• **What you should do**
Exactly as they appear below, repeat the lines from the one with "Pecorino Cheese Wheel 2.5kg" through the one with "Deflectorium screenshot 7", and no others.

Caption-style text data:
========================================================================

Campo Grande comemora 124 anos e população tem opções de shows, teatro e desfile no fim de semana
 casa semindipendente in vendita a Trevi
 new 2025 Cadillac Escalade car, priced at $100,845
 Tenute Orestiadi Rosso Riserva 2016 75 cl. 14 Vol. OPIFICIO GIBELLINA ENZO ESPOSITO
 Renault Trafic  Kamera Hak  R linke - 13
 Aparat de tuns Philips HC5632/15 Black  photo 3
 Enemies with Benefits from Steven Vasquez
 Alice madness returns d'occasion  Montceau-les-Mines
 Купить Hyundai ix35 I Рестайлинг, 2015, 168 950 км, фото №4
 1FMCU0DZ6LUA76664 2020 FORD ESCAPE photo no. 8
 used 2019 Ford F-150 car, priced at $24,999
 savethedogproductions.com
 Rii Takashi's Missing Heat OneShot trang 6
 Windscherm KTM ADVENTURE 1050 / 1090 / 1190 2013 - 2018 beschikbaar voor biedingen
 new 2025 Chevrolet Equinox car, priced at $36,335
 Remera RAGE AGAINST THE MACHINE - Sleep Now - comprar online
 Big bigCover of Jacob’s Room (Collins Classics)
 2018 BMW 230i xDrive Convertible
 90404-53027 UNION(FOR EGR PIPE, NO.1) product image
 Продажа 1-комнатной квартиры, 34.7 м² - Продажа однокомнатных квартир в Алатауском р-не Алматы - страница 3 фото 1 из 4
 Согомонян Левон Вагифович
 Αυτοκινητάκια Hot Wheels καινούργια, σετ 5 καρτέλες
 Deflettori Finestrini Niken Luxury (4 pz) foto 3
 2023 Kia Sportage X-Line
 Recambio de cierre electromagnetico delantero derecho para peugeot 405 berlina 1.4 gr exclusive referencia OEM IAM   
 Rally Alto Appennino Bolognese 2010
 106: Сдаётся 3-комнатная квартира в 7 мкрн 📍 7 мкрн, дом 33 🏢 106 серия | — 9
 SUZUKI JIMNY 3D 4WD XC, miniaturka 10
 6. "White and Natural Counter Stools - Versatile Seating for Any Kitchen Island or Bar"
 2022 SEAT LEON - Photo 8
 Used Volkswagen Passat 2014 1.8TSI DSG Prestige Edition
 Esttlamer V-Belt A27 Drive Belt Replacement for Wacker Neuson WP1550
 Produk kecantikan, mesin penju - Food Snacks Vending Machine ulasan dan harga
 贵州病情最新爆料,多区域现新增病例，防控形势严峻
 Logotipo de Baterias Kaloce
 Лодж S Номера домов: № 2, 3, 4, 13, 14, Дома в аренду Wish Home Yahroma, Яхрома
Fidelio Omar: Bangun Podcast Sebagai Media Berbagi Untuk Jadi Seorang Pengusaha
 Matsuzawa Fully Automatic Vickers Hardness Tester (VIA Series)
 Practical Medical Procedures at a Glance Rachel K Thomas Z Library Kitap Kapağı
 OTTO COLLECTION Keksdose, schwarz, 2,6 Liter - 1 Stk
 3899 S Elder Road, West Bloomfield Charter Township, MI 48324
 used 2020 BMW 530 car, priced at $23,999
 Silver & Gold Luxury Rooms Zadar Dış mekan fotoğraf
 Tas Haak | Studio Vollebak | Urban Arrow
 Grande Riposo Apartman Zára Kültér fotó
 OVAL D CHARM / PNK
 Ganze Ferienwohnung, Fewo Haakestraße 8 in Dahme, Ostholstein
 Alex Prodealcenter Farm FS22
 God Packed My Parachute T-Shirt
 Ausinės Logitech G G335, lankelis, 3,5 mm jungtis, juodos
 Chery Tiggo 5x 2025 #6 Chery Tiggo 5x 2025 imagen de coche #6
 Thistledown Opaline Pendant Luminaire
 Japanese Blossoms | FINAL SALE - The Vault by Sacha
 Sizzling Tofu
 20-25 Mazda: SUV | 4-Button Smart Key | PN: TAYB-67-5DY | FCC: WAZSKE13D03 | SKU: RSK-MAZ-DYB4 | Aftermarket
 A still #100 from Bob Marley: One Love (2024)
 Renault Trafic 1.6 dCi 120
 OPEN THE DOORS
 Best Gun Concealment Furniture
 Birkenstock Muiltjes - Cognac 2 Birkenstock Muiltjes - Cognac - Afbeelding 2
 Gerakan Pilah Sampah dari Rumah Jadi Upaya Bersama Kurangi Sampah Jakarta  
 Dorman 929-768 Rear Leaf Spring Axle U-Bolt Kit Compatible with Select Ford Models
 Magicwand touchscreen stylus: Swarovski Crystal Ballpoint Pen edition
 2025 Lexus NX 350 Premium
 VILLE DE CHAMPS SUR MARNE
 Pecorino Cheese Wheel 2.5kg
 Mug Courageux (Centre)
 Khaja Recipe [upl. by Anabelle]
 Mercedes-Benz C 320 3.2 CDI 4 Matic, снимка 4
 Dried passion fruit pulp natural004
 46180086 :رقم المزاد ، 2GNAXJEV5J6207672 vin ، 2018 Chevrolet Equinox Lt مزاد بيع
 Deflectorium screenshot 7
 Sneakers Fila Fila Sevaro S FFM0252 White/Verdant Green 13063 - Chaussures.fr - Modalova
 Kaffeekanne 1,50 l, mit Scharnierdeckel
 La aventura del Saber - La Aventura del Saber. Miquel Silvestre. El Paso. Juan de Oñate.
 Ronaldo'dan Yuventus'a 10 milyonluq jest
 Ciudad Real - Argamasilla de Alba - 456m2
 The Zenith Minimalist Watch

========================================================================

• **Response**
 Pecorino Cheese Wheel 2.5kg
 Mug Courageux (Centre)
 Khaja Recipe [upl. by Anabelle]
 Mercedes-Benz C 320 3.2 CDI 4 Matic, снимка 4
 Dried passion fruit pulp natural004
 46180086 :رقم المزاد ، 2GNAXJEV5J6207672 vin ، 2018 Chevrolet Equinox Lt مزاد بيع
 Deflectorium screenshot 7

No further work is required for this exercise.